Vic Elford recalls the romance of the Targa Florio’s golden era
“I loved every moment of my time on the Targa Florio – it was just sensational,” says Elford, who competed in the Sicilian road race for six consecutive years between 1967 and 1972. “Of course, I had a very special relationship with the Nürburgring, but there was nothing like the Targa Florio for its atmosphere and a sense of romance.” In 1968, he famously made up a 17-minute deficit to take the chequered flag in style – and then claimed the fastest lap of the race every year thereafter. Although he now resides in America, Elford developed a special bond with the island and its people during this time, and still returns as often as possible. “Sicily is not Italy – the people there are Sicilians, not Italians, and there is a distinct difference between the two.

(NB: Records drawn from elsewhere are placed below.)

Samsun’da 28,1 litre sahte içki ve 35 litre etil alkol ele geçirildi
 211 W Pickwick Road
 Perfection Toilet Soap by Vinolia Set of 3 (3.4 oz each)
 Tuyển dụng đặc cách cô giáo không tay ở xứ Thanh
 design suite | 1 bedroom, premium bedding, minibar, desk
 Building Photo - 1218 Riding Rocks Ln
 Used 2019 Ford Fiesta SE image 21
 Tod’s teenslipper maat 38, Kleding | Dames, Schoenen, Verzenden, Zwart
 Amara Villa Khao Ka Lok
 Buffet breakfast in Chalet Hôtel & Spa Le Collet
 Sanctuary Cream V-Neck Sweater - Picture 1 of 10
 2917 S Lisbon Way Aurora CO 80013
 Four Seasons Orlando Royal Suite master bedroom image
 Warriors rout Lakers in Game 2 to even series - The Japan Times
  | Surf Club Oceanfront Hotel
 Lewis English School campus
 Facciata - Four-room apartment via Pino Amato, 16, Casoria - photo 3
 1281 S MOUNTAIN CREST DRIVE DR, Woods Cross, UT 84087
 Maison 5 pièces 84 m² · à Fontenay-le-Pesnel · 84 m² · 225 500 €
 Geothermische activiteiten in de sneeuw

Italians are known to be passionate and romantic; in Sicily, it’s the same thing, but squared. We simply wouldn’t have won in 1968 without the help of the locals – when I got a puncture early in the race, they literally lifted the car off the ground so I could change the wheel.”
Spirit of Sicily
Elford’s relationship with the Targa Florio began in 1967, when he was sent on a reconnaissance mission ahead of his first race, in which he would share a Porsche 910 with Jochen Neerpasch. “We used Fiat 124 rental cars to start with, then moved up to a 911 and eventually a 906, which was the first real racing car I ever drove. I really didn’t like that at first – it had huge front wings that made it feel like you were permanently driving in a tunnel. As the event drew closer, we switched to the 910 we were using in the race, and I loved that.” Ultimately, the Elford/Neerpasch car finished second, and that gave Quick Vic a taste for the Targa that he’d never lose.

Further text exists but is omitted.